Hello all, I’ll hop right into the story, but I seriously need some advice.
My girlfriend felt like she had a calling to religious life four years ago. When I met her, this was still the case, but we quickly became best friends; and early on in our relationship, her discernment was brought up. I gently challenged her convictions to religious life because I felt like her calling wasn’t from God.
She had so much confusion, doubt, and worry about her discernment. She even had desires for marriage. To make a long story short, we talked about her discernment at length for 5 months.
Somewhere in month 4 of talking about discernment, she said that she didn’t even think anyone would marry her if she was to discern marriage. I confessed that I would gladly marry her because despite only knowing her for 4 months. I was closer to her than anyone else in my life and she inspired a lot of joy and spiritual growth in me.
Two almost three months ago, she decided she would take a leap of faith and become my girlfriend. She felt like there was a lot to pursue our relationship and felt a calling to marriage over religious life. Everything was going great until a month ago we wen’t on a retreat and she started talking about how she had a desire for religious life. She told me that she wanted to join a convent for 6 months when she was older.

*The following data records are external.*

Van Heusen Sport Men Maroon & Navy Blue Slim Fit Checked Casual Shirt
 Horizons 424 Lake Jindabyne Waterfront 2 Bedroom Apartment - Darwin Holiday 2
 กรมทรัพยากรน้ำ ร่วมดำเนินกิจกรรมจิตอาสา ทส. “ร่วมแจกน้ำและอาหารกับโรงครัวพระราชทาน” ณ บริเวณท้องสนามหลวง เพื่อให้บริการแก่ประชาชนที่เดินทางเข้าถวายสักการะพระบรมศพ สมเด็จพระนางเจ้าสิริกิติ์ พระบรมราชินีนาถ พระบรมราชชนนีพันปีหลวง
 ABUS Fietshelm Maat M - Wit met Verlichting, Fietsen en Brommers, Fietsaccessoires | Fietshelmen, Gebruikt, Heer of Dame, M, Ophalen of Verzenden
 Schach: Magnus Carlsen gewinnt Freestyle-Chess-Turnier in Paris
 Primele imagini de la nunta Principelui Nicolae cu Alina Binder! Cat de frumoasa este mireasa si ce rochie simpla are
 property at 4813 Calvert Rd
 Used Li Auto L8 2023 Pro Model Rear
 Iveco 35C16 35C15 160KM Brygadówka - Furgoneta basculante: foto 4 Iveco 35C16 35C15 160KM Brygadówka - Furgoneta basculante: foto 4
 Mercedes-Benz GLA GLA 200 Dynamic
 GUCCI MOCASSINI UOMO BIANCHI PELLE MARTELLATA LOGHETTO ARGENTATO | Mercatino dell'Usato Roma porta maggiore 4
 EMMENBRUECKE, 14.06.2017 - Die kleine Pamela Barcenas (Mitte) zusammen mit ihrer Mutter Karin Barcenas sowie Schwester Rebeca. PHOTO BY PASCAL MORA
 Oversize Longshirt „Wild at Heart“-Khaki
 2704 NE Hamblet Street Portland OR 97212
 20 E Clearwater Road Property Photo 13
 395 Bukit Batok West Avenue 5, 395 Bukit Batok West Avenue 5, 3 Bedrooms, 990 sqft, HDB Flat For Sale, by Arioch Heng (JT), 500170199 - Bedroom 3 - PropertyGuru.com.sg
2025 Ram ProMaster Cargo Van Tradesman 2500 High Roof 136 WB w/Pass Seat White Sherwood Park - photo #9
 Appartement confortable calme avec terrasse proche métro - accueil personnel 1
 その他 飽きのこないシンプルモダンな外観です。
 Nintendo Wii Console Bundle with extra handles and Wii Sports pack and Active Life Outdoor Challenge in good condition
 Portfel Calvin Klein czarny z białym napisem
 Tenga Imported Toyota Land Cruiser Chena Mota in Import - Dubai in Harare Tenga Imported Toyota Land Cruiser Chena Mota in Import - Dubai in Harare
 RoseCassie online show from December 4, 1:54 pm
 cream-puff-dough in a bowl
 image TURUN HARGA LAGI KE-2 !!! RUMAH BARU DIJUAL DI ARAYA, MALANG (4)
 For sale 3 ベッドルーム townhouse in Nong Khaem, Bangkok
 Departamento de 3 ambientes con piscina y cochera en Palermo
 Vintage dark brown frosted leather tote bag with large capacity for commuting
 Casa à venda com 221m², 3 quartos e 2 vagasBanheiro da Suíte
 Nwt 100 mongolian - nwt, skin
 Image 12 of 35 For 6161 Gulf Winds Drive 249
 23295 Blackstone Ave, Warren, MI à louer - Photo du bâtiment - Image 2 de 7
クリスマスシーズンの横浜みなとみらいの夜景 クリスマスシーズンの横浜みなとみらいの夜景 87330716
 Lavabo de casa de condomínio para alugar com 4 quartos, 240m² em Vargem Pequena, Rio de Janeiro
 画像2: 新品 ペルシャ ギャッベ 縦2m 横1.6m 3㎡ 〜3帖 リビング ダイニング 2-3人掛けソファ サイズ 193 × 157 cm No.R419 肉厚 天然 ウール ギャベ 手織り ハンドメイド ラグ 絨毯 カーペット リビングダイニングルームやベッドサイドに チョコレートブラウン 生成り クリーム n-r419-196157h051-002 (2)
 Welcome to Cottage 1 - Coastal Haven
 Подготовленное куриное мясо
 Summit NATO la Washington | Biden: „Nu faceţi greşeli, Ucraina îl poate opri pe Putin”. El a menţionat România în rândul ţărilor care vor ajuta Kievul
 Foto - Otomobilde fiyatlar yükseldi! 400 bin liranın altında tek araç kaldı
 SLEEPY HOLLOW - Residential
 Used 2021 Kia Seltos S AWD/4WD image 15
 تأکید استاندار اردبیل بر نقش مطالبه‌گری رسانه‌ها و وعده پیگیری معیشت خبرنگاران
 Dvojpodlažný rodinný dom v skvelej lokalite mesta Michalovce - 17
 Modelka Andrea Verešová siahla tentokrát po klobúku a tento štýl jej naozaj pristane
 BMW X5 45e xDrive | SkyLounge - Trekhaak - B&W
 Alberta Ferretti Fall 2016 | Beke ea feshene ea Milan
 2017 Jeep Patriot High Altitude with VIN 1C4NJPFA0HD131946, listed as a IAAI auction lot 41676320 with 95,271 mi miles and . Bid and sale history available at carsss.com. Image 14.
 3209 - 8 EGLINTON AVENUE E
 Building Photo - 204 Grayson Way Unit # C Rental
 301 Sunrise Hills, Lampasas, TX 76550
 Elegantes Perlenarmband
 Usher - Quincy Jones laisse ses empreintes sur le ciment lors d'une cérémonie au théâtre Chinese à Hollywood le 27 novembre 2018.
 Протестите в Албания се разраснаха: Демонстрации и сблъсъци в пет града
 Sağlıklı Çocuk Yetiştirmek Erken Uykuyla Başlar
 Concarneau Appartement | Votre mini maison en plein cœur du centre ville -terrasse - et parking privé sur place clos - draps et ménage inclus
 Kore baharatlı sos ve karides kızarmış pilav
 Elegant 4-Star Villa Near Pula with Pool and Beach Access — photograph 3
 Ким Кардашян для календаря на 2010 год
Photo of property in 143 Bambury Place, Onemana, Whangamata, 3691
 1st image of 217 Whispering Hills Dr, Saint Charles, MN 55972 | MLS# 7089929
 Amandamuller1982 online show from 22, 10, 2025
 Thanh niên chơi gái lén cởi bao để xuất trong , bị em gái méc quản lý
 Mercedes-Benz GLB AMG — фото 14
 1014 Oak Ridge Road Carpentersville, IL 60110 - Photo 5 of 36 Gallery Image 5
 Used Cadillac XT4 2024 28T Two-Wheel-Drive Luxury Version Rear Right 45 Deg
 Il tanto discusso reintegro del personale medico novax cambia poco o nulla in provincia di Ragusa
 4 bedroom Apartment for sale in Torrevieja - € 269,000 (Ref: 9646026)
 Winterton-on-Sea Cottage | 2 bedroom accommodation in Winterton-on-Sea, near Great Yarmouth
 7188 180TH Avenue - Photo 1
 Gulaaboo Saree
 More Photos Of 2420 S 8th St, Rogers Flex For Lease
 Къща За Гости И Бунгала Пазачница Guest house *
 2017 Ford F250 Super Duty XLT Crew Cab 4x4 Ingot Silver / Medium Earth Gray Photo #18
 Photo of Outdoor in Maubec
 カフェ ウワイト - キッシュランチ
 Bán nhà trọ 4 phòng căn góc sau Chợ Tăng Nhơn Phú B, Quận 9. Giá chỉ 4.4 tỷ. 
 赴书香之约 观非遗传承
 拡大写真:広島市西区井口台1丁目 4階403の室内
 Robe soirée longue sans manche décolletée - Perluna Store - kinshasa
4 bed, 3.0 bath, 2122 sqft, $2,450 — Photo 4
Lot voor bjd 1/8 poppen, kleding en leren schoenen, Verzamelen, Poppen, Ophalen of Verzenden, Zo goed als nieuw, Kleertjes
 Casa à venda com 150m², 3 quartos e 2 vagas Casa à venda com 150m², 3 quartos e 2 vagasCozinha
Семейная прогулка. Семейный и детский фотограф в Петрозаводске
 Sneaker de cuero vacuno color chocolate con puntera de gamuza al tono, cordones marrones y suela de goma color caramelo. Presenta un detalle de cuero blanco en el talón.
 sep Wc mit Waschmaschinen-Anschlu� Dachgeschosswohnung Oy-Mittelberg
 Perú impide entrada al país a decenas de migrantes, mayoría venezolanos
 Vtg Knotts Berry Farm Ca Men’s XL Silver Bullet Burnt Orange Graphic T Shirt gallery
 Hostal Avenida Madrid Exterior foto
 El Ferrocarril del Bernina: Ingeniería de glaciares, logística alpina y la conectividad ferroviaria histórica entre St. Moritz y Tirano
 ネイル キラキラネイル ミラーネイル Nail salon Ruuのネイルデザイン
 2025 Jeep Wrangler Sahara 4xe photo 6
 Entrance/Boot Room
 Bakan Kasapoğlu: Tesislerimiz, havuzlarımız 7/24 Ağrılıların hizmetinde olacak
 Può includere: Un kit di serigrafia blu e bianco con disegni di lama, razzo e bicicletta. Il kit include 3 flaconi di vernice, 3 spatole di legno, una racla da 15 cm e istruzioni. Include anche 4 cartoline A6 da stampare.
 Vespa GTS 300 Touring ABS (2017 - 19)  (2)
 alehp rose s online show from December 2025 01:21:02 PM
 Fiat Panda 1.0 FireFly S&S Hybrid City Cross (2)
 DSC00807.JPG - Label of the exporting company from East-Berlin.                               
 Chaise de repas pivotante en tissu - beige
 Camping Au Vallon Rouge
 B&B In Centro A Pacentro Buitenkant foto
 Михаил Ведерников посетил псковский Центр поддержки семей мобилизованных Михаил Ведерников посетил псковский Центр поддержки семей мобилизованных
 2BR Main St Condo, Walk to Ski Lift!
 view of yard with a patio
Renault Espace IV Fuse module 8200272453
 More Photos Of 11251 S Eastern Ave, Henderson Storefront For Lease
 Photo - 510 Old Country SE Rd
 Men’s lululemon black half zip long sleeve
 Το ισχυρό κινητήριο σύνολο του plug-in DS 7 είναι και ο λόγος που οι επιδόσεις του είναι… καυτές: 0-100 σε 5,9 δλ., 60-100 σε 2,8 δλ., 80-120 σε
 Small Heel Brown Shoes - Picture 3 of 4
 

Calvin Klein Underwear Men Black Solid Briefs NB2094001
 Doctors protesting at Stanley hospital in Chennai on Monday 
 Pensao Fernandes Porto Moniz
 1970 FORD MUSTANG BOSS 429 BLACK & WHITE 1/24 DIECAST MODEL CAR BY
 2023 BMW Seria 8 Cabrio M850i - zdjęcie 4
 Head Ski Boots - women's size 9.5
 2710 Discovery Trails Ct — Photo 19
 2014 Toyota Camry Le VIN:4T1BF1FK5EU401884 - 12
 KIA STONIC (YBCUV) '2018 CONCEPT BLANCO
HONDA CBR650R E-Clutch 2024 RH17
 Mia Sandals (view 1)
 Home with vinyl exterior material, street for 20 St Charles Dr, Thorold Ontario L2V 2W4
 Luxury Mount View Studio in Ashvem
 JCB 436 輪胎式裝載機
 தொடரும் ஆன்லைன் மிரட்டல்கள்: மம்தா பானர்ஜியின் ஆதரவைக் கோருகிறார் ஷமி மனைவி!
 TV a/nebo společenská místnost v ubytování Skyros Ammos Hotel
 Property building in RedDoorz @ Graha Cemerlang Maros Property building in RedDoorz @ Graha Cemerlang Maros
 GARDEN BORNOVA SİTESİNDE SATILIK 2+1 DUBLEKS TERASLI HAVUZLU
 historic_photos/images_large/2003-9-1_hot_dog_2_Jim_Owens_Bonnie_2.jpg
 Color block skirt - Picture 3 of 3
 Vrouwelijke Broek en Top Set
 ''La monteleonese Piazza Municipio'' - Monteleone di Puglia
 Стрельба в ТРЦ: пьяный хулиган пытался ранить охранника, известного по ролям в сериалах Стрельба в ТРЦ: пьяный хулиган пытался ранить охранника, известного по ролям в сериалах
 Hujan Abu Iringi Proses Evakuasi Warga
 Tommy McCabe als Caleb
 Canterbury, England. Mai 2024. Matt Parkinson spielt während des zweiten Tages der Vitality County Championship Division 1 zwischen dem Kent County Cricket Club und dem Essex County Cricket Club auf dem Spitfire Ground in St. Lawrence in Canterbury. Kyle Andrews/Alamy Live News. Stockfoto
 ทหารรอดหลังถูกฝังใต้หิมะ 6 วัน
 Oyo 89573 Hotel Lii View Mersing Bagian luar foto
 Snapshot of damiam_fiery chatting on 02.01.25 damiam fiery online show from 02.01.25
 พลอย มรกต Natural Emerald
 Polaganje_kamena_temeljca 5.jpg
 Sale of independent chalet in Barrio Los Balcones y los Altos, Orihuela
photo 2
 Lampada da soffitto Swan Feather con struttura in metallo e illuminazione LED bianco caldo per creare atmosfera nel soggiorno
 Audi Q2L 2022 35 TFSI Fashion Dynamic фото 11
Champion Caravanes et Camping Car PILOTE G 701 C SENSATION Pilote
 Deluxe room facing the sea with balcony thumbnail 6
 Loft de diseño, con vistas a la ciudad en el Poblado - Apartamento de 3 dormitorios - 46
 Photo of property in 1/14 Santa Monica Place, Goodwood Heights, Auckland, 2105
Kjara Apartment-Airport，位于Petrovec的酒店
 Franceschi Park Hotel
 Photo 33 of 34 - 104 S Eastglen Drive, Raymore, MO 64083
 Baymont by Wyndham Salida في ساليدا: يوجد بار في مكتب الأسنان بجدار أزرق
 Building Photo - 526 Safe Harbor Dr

I was shattered, because I had no idea that her desire had shifted completely. She was completely unaware that I would even be upset with this knowledge because I had known her desire for marriage shifts at times. This caused a week where we were both miserable about our relationship; I thought it was going to be over.
Fast forward to present, and we moved past the tear in our relationship, kinda. Yesterday we talked about her discernment and she is completely confused about her discernment. She isn’t sure if she wants me or religious life. We both agree that if we had known that all of this was to come that we shouldn’t have started dating; however, we both regret nothing.
I just feel like she needs to choose me or religious life and not leave me hanging. I’m pretty upset about this whole situation.
I really have no idea what to do. We have so much promise in our relationship, but she has this constant confusion about discernment. It’s probably spiritual warfare, but she won’t denounce it.
Please give me some advice.
PS: this is the incredbily short version of our story and I can alborate more, but this has already taken me 25 minutes and a rewrite to complete.